The Big Blue River is the largest tributary of the Kansas River.  The river flows for approximately  from central Nebraska into Kansas, until its confluence with the Kansas River at Manhattan.

It was given its name by the Kansa tribe of Native Americans, who lived at its mouth from 1780 to 1830, and who called it the Great Blue Earth River.

River course
The river passes through mostly agricultural land.  Some of the larger towns along its course, in addition to Manhattan, Kansas, include Beatrice, Nebraska; Crete, Nebraska; and Seward, Nebraska.

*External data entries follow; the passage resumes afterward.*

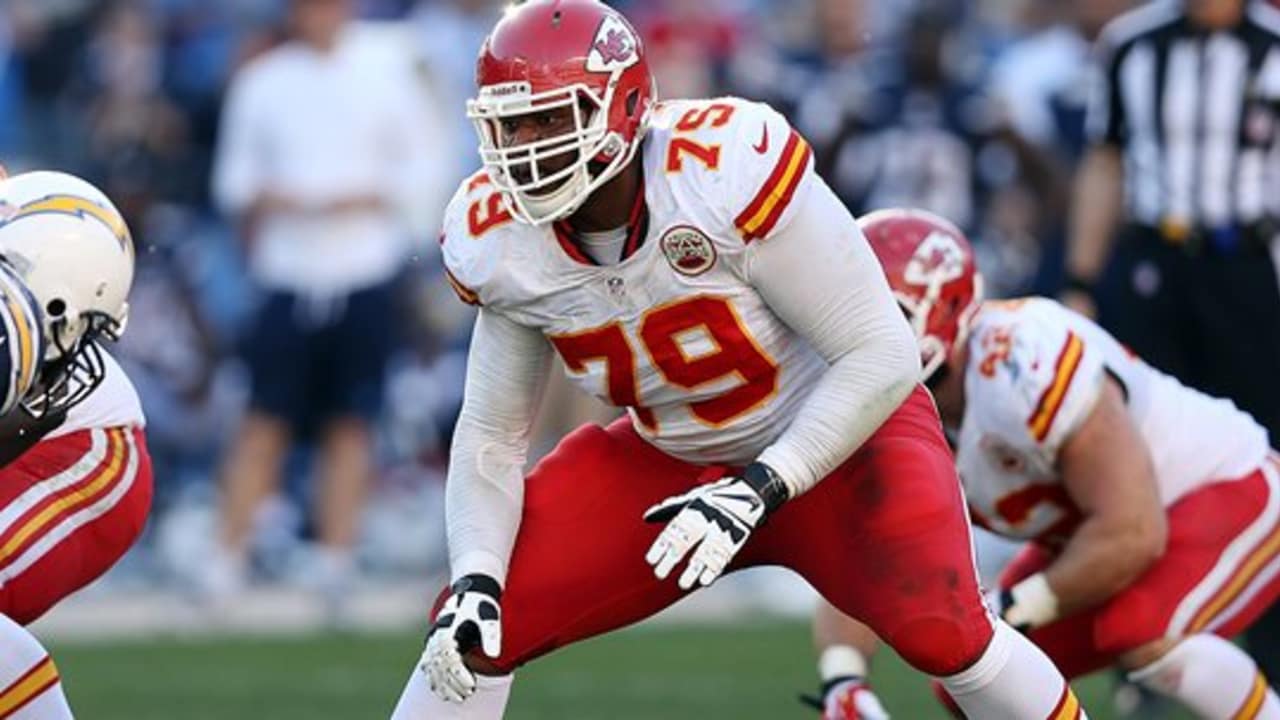 Top 5 Headlines 11/8: Chiefs O-line Continues to Improve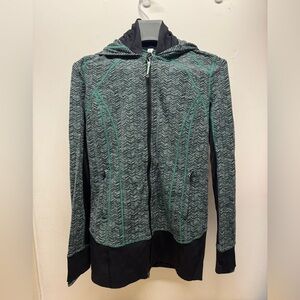 lululemon athletica Daily Practice Green and Black Chevron Zip Up Hoodie Womens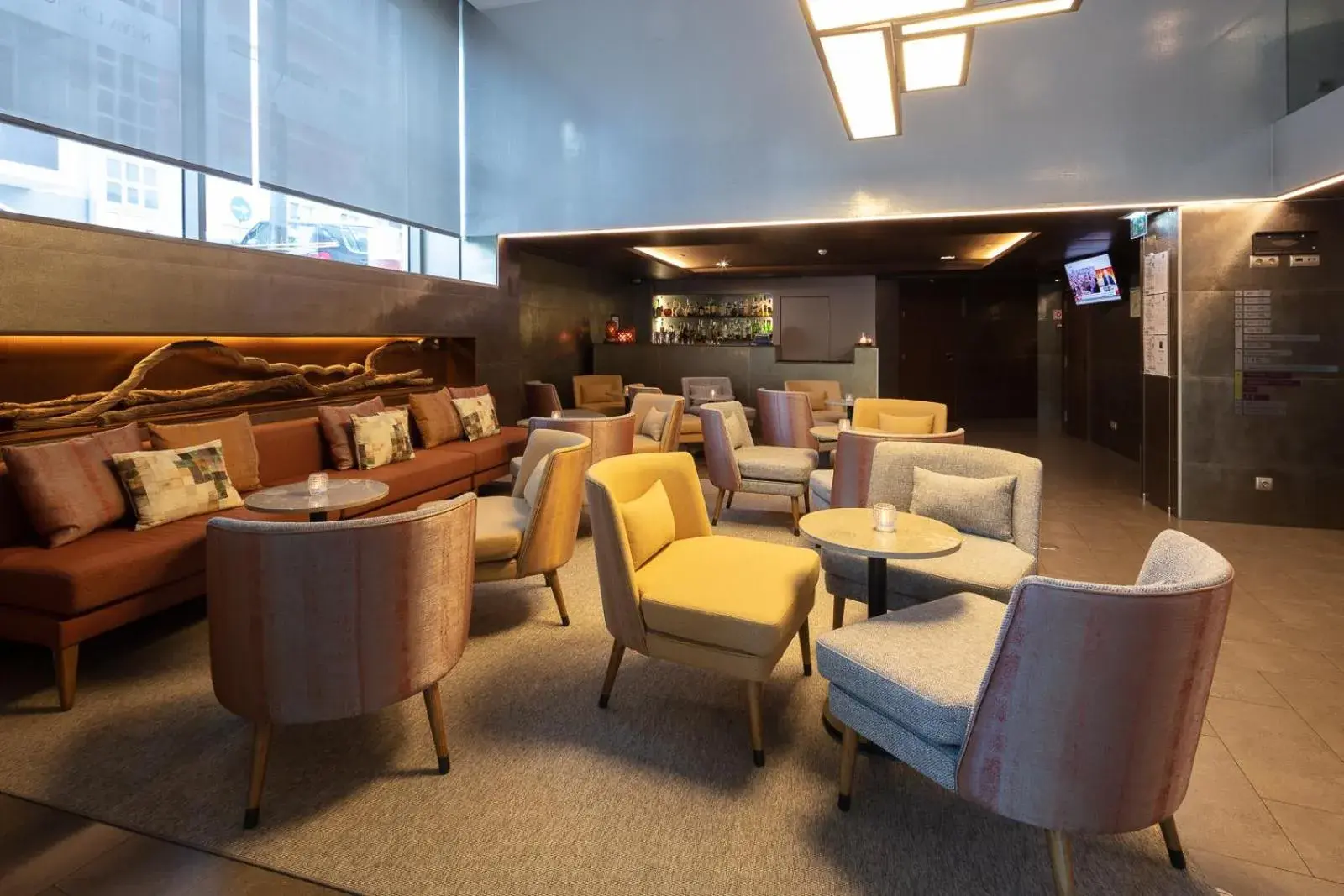 Lounge or bar in NEYA Lisboa Hotel Lounge or bar in NEYA Lisboa Hotel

Shortly before intersecting with the Kansas River, the Big Blue discharges its waters into a reservoir called Tuttle Creek Lake, which lies slightly northeast of Manhattan.  The reservoir is a man-made flood-control measure, held back by a dam composed of the limestone, silt, and gypsum dredged out of the floodplain by bulldozers left to rust underneath the flooded area.  The land surrounding the reservoir is a state park area, although the Great Flood of 1993 decimated much of the northern area.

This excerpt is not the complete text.